• Work instruction:
Please copy all of the entries exactly, but drop every picture.

• Material shown:
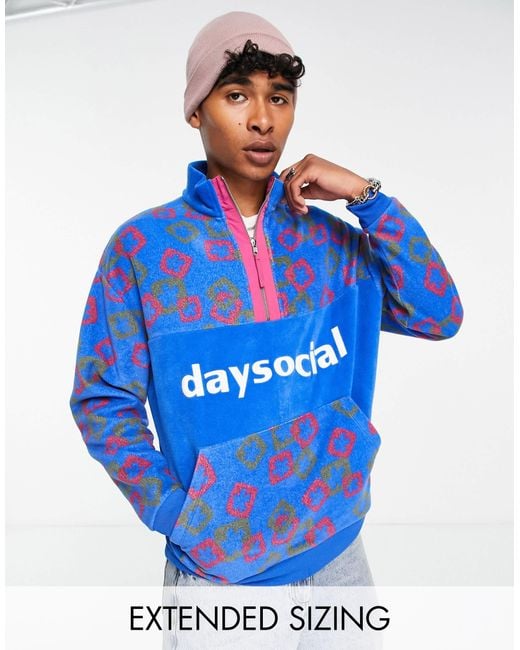 Asos soldes homme hotsell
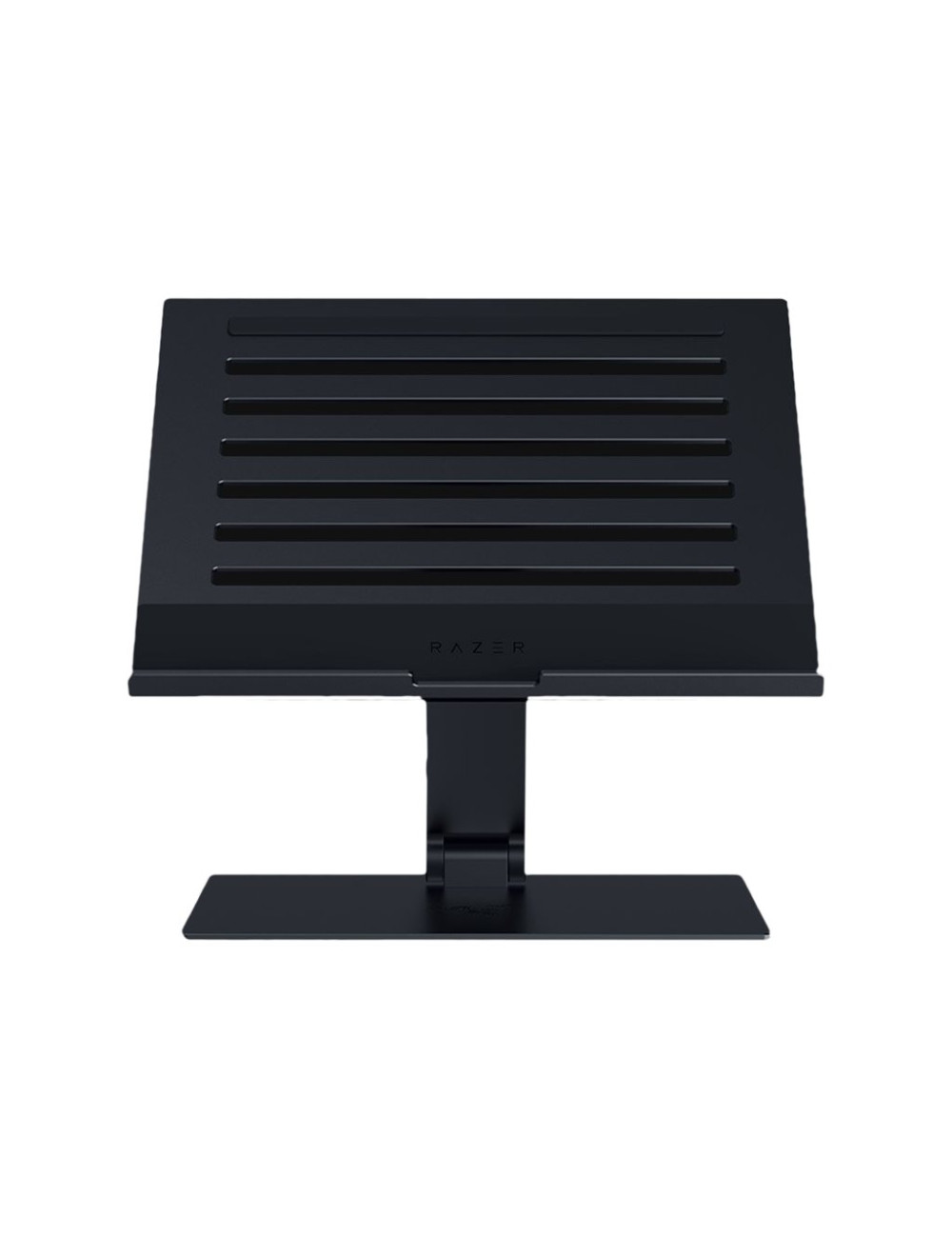 Razer Adjustable Laptop Stand | Razer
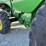 john-deere-s670-image-18
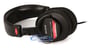 Sony MDR-V6 (MDRV6) Studio Monitor Series Headphones Image 2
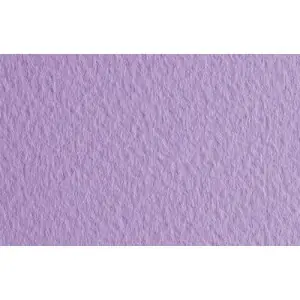 Papel para pastel Fabriano Tiziano, 160 gr., 50x65, Violetta Envío Inmediato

• Answer to this task:
 Asos soldes homme hotsell
 Razer Adjustable Laptop Stand | Razer
 john-deere-s670-image-18
 Sony MDR-V6 (MDRV6) Studio Monitor Series Headphones Image 2
 Papel para pastel Fabriano Tiziano, 160 gr., 50x65, Violetta Envío Inmediato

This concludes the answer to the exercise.